At least you don't live in australia, where the govt invested in a national broadband network so every aussie could have affordable and fast internet. Guess what we have. A broken cesspool of providers where its going to cost you in excess of $1K p/a to keep a connection to the internet going. Well done straya. Its the same with anything where theres the potential to fleece consumers.

tracker1 3 days ago | parent [-]

Depending on where you are in the US, it isn't much better. I'm paying $140/month for a 2gb/120mb asymmetric cable connection... I'm paying about that much again for a dedicated server on OVH mostly because they block self-hosting on residential connections, and it costs more than the difference to go to a business connection with a /28 cidr, so I'm renting a server with a better connection instead.

I've been a bit lazy and haven't finished my migration off of google and MS services... I have mixed feelings about my testing of nextcloud and the like. I've got a pretty solid mail solution (mailu) going, but even with that I don't have it on a domain/address I rely on.
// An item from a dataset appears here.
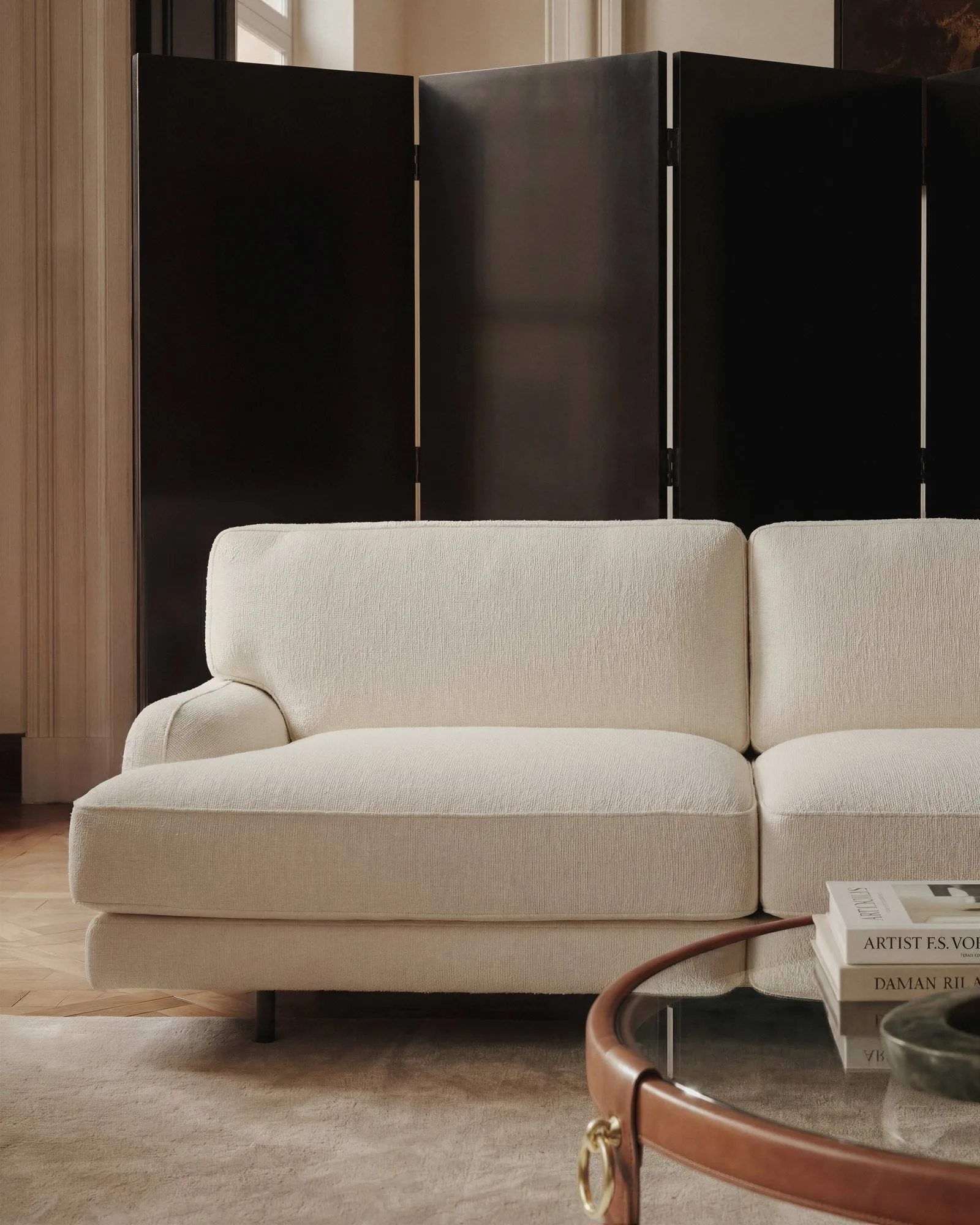 Flaneur soffa 2-sits, Bouclé-matt svart GUBI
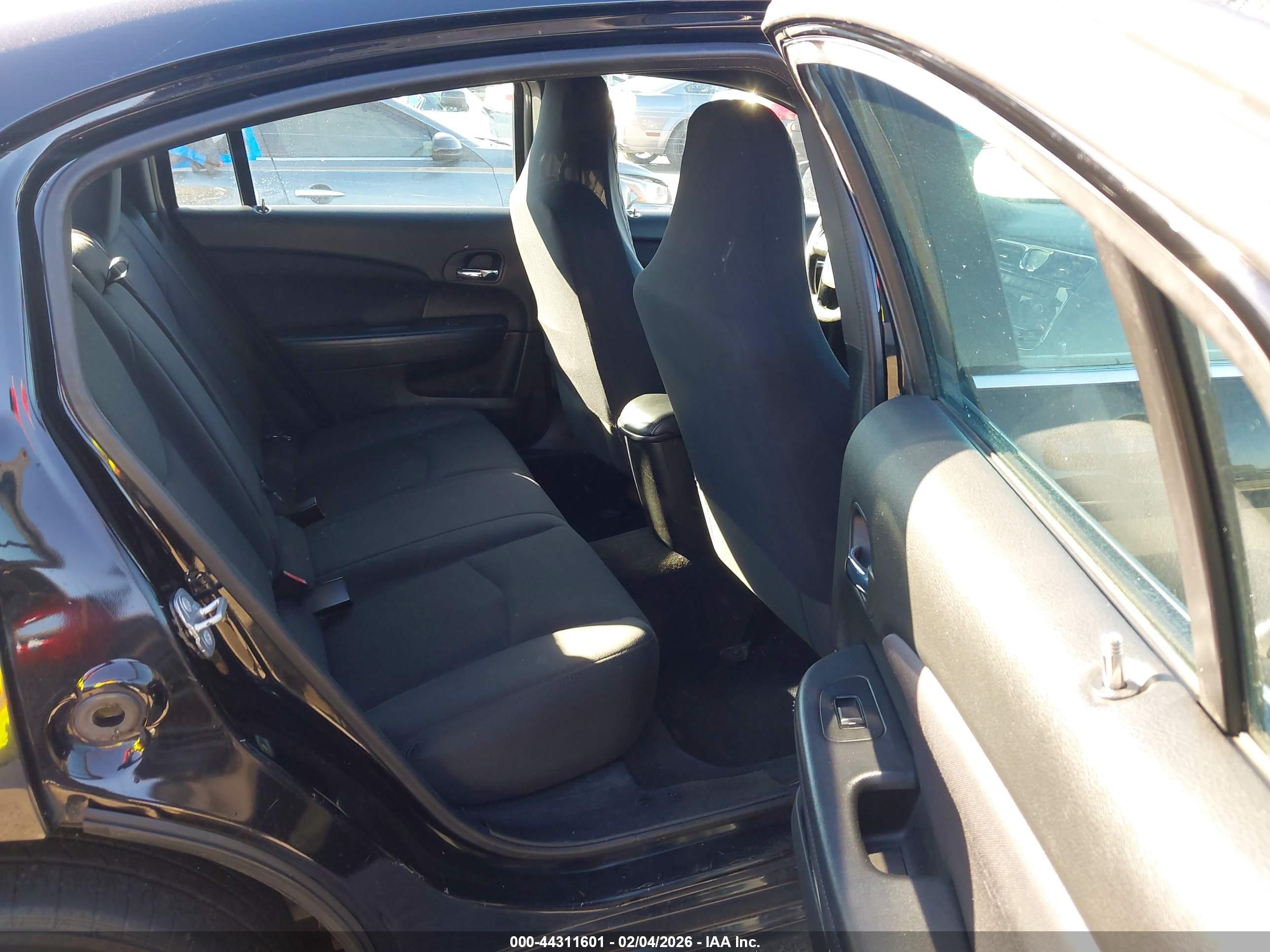 CHRYSLER 200 image 8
I'm mostly using a wildcard forward on one of my domains so I can assign a different address to most online and offline accounts as reference.

doublerabbit 3 days ago | parent [-]

$50 a month and still on 2mb ADSL. Living in the centre of the city right next to a hotel that owns an 10Gbit feed. Literally ten steps from my apartment to the cities main telephone line exchange

All three domestic providers do the "we are working in your area" which where it comes to my building "nah" is said and the promises of fast broadband suddenly disappear.

I've been living here 8 years now. Same thing said each year.

tracker1 3 days ago | parent [-]

That sucks... I was stuck in a similar spot for several years at one point. ADSL is definitely on the not fun side of things. Do you know who that hotel's uplink is? You might be able to talk to them about running a direct line, though this will probably cost about $10k or more just to get the line run to your home.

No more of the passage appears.